*Your assignment*: This task asks for the lines from the one with "You'll find the" to the final line below, repeated exactly, with pictures omitted.

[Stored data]
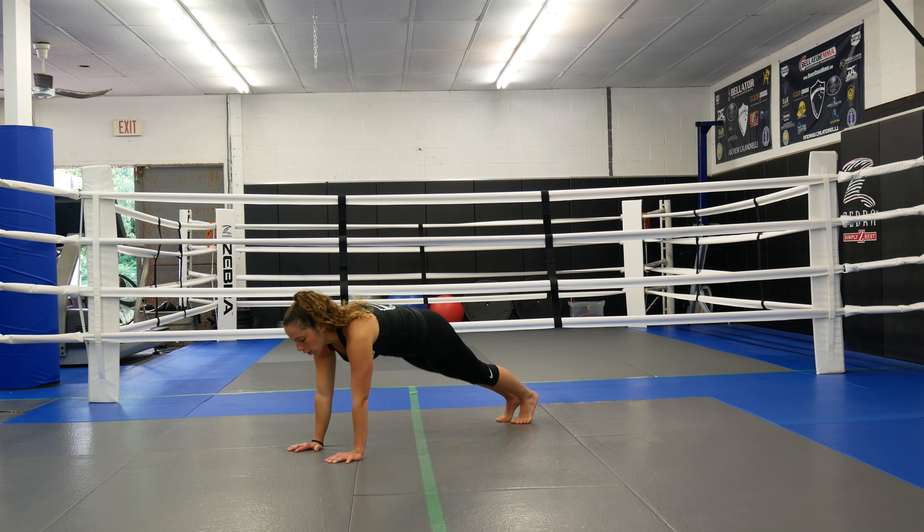Hi guys, you're back with Coach Marissa from Ultimate MMA Plus. I'm going to show you four exercises that you can do from the high plank position.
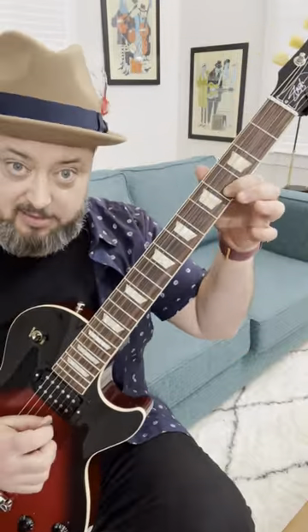Take your index finger and pull off the fourth fret B string. Then your pinky goes up to the seventh fret and you pull off there. Then again.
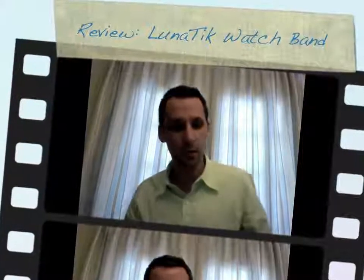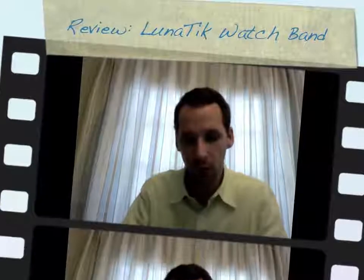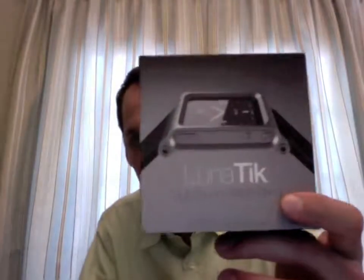Good afternoon everybody, Christian Karasiewicz here. I wanted to give you a quick review of a new product that I just got and this was a product that I purchased myself. It's the Winetic Multi-Touch watch band and it comes in three different colors.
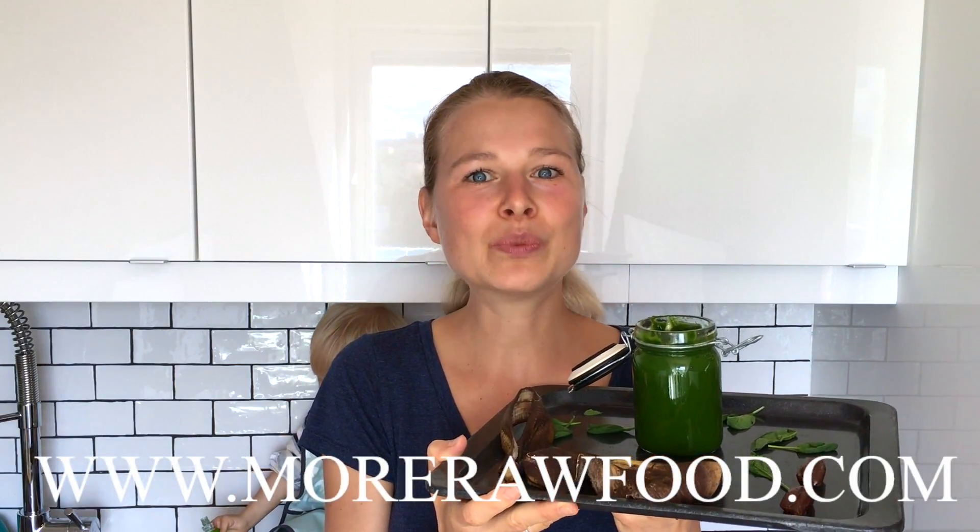You'll find the recipe at www.morerawfood.com. If you like this recipe, give us a thumbs up, and if you don't want to miss out on recipes like this then subscribe to my channel for free. See you in the next video — let's rock!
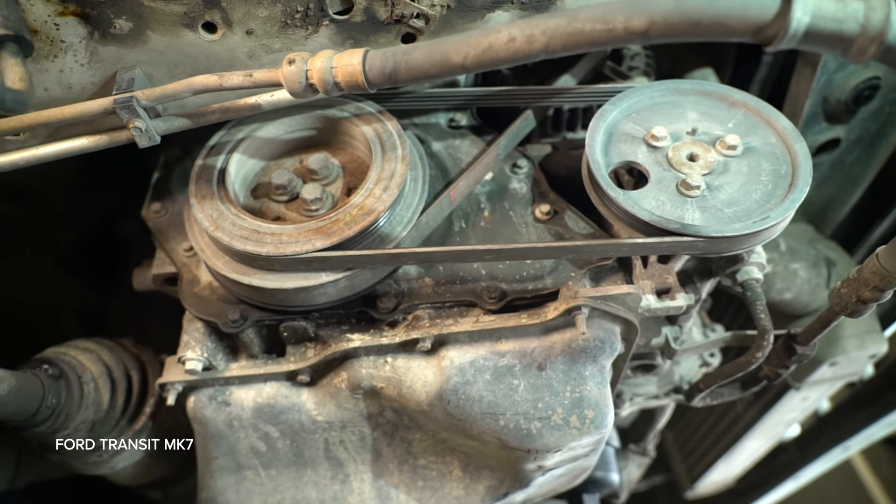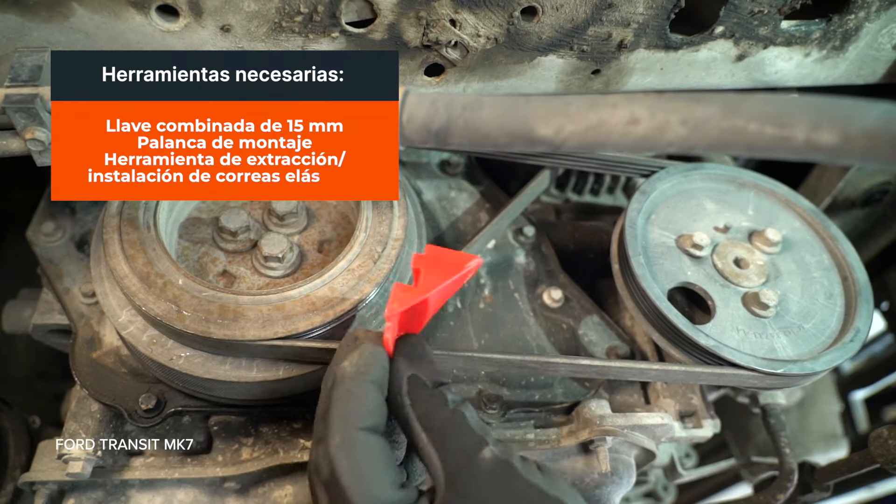Install the battery. Install the battery. Install the battery.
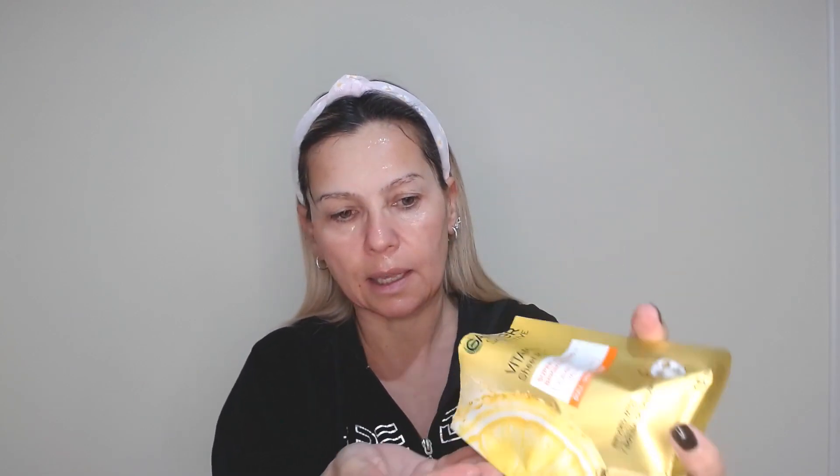After 10 minutes, I take off the mask. I never discard the product that's left inside — the mask has some extra product inside, so I take it and start to apply it onto the whole face and on the neck. Never take off this serum.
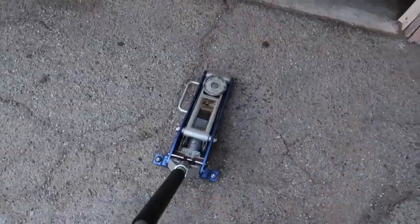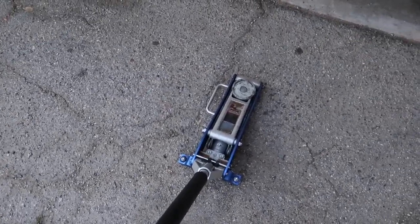Hey guys, welcome back. I just got off work and got a text from my neighbor saying he needed me to take a look at his brakes because he was hearing a grinding noise. I felt the rotor and could instantly tell it was metal to metal. So turns out I'm going to be doing a whole brake job on his car. It's a Hyundai Elantra — I'm going to knock out the rotors and pads really quickly.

*Exercise result*:
You'll find the recipe at www.morerawfood.com. If you like this recipe, give us a thumbs up, and if you don't want to miss out on recipes like this then subscribe to my channel for free. See you in the next video — let's rock!
Install the battery. Install the battery. Install the battery.
After 10 minutes, I take off the mask. I never discard the product that's left inside — the mask has some extra product inside, so I take it and start to apply it onto the whole face and on the neck. Never take off this serum.
Hey guys, welcome back. I just got off work and got a text from my neighbor saying he needed me to take a look at his brakes because he was hearing a grinding noise. I felt the rotor and could instantly tell it was metal to metal. So turns out I'm going to be doing a whole brake job on his car. It's a Hyundai Elantra — I'm going to knock out the rotors and pads really quickly.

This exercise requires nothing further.